Park Chan-wook dit qu’il fait des "films de genre"…

Agassi n’est pas un film féministe, ni un film d’apprentissage, ni un film de vengeance, à peine un thriller, et pas du tout un "film de cul".
Et on s’en fout de la manière dont il est vendu et acheté par les professionnels, producteurs et consommateurs.

Pour nous, il appartient à la philosophie de l’art, alias l’Esthétique, ou peut-être même à la Théorie critique, c’est à dire au politique, comme d’autres artefacts appartiennent à la Métaphysique.

Il appartient donc à tous ceux qui le recevront, sans avoir a priori de structure d’accueil pour lui, et qui lui offriront assez d’espace pour s’épanouir en eux.

Anne Vignaux-Laurent
Jeune Cinéma n°375, automne 2016

1. Le titre original du film de Park est Agassi (Ah-ga-ssi sur IMDB, ah les délices des translittérations !).
Le mot en coréen, avant l’intervention des algorithmes quelques temps après le festival de Cannes, proposait, sur Google, la traduction de The Lady (La Dame).
À Cannes, le film s’appelait The Handmaiden (La Servante), titre probablement sinon donné du moins approuvé par Park Chan-wook.
Ne pas confondre avec The Housemaid (La Femme de chambre) de Im Sang-soo (2010), remake de The Housemaid de Kim Ki-young (1960).
Le film sort en France sous le titre de Mademoiselle. Le mot français a des connotations et des sens divers. En l’occurrence, il semble désigner une jeune femme sans homme, une vierge ou une actrice, donc aussi bien la maîtresse que la servante.
Ne pas confondre avec le film de Philippe Lioret (2000), ou celui de Tony Richardson (1966).

2. Cf. Jeune Cinéma spécial Cannes n°374, été 2016, p. 50.

3. N’ayant pas honte, pour appuyer l’affirmation, d’évoquer le Carol de Todd Haynes (2015), ou La Vie d’Adèle de Kechiche (2013), chacun dans sa catégorie et toutes choses égales par ailleurs.

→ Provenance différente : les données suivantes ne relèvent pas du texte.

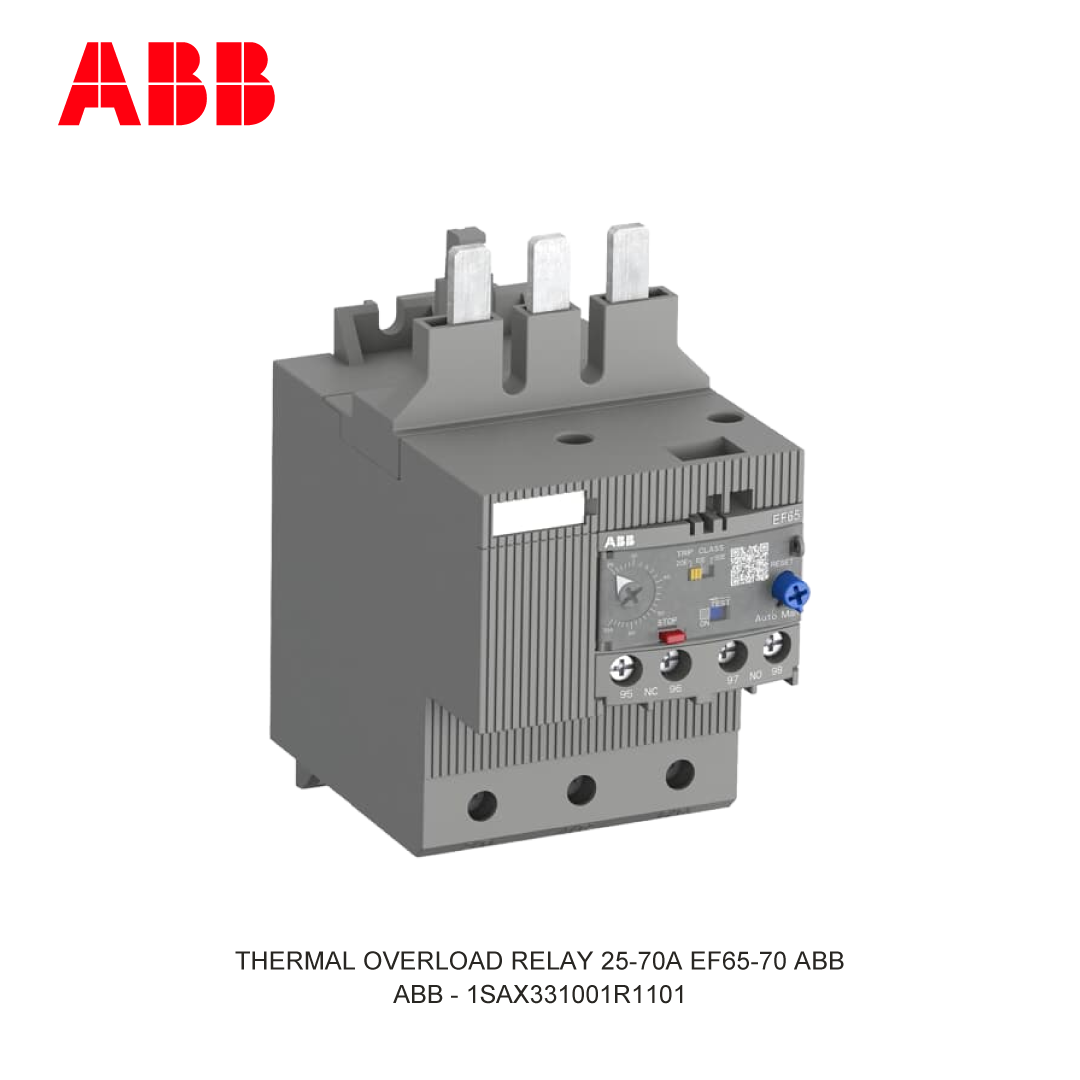 RELAY THERMAL BEBAN LEBIH 25-70A EF65-70 ABB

4. Jeune Cinéma avait découvert Park Chan-wook avec ce film au festival de Udine (en 2001), puis au cinéma l’Arlequin de Paris, au cours d’un festival de cinéma coréen en juin 2001.

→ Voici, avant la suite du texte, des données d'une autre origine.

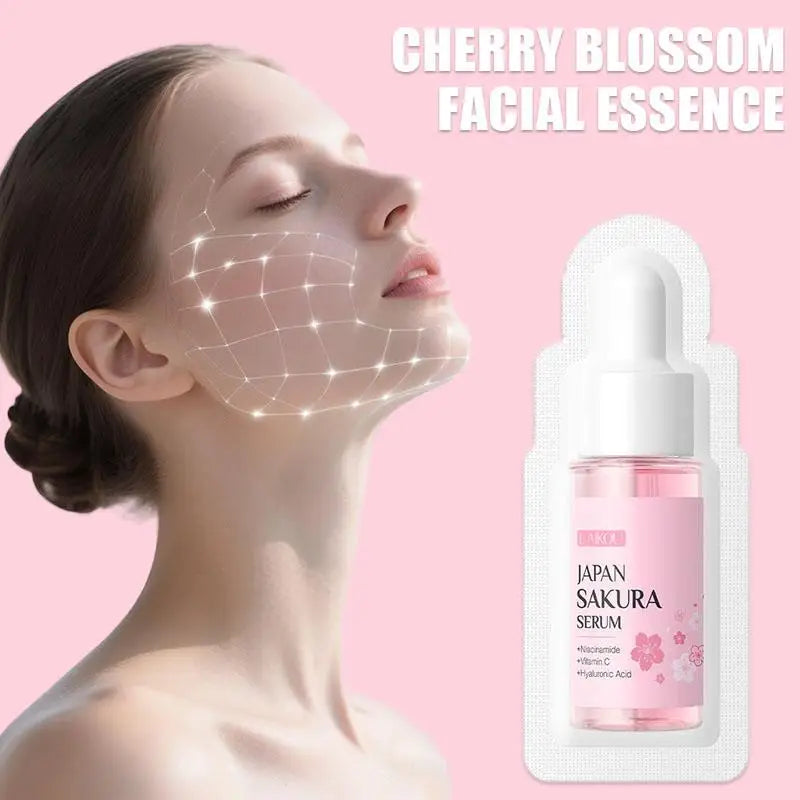 10-Pack Sakura Hyaluronic Acid Face Serum – 1ml Travel Size Face Serum Axl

5. Ce qui n’est pas forcément aisé à comprendre pour qui confond "phallus" et "pénis".

6. Jean Baudrillard, Cool Memories 1980-1985, éd. Galilée, 1987.

7. Fingersmith (Du bout des doigts) de Sarah Waters. L’histoire se passe en 1862, le roman a été écrit en 2002.


Mademoiselle (Agassi aka The Handmaiden). Réal : Park Chan-wook ; sc : P. C-W & Chung Seo-kyung d’après le roman de Sarah Waters, Fingersmith (2002) ; ph : Chung Chung-hoon ; mu : Jo Yeong-wook ; mont : Kim Jae-bum & Kim Sang-beom ; cost : Jo Sang-gyeong. Int : Kim Min-hee, Ha Jung-woo, Kim Tae-ri, Cho Jin-woong, Moon So-ri, Kim Hae-sook, Jeong Ha-dam, Han Hana (Corée du Sud, 2016, 144 mn).